> **Task item**:
Please transcribe only the lines from the one holding "1 Bed Flat - Sleeps" through the final line of the data, both included, with no pictures.

> **Data to use**:
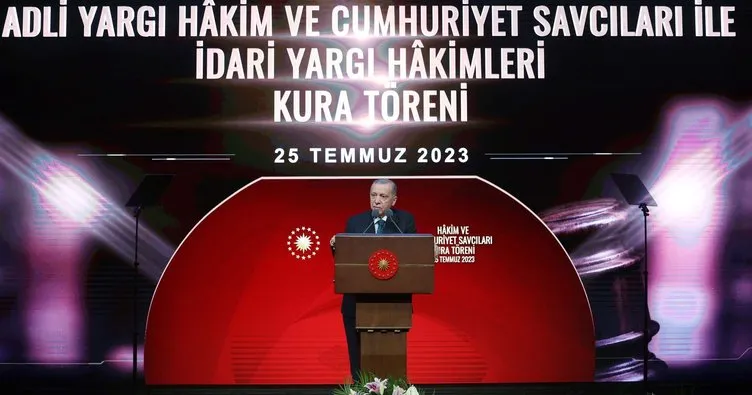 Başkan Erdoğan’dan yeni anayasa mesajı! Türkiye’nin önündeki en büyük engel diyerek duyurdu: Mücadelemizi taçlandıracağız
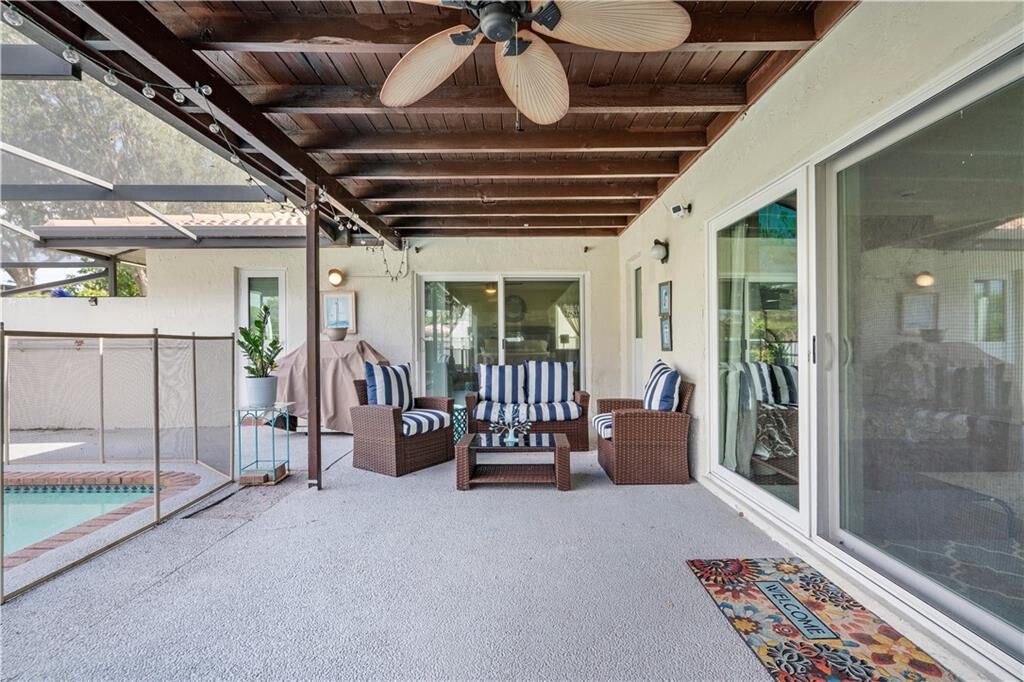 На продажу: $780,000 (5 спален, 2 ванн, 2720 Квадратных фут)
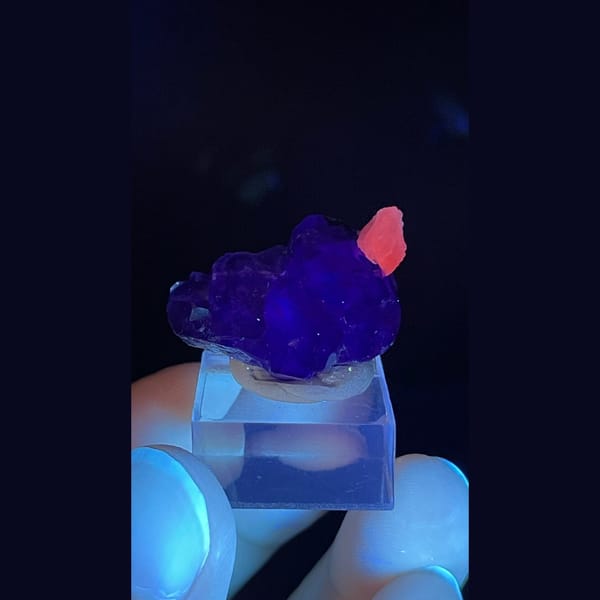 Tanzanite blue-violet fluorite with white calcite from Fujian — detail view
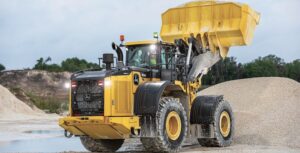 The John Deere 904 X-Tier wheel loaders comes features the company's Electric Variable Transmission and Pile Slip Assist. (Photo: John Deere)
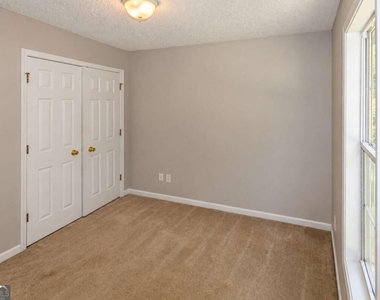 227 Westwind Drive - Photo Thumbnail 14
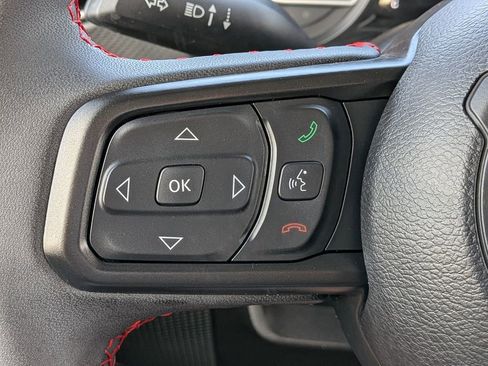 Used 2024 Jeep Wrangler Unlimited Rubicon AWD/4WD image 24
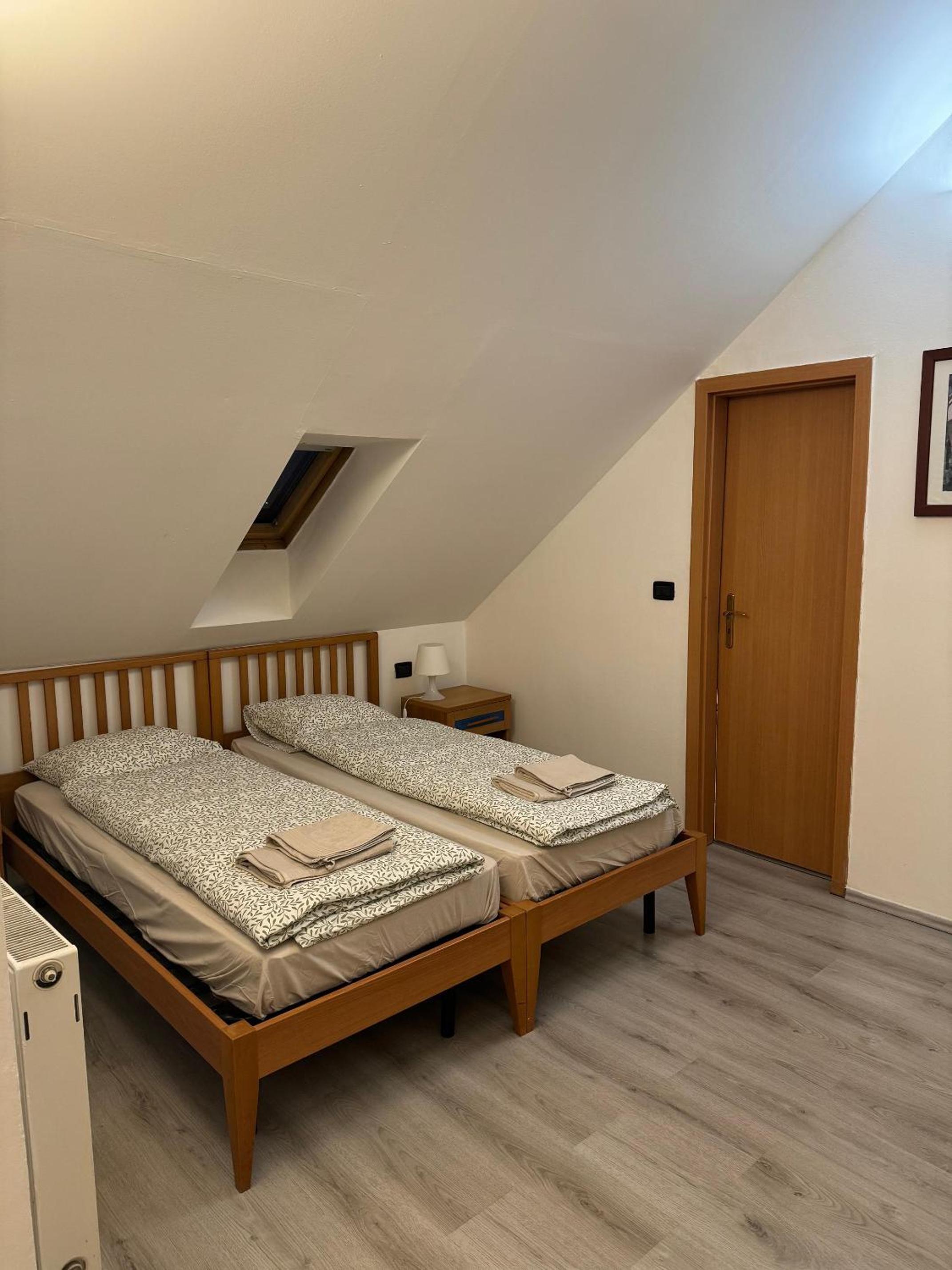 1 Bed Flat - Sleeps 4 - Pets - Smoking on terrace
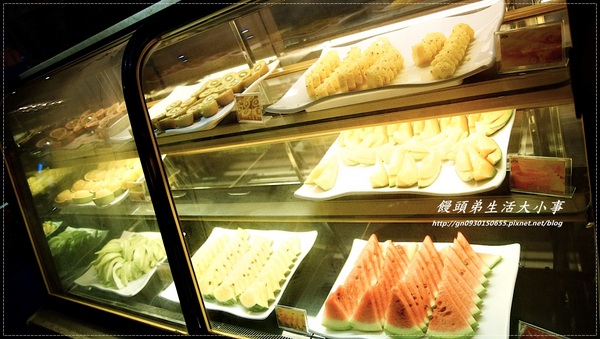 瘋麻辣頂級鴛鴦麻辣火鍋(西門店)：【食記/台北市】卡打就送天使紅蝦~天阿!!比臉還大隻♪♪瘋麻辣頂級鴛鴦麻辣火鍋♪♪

> **Task response**:
 1 Bed Flat - Sleeps 4 - Pets - Smoking on terrace
 瘋麻辣頂級鴛鴦麻辣火鍋(西門店)：【食記/台北市】卡打就送天使紅蝦~天阿!!比臉還大隻♪♪瘋麻辣頂級鴛鴦麻辣火鍋♪♪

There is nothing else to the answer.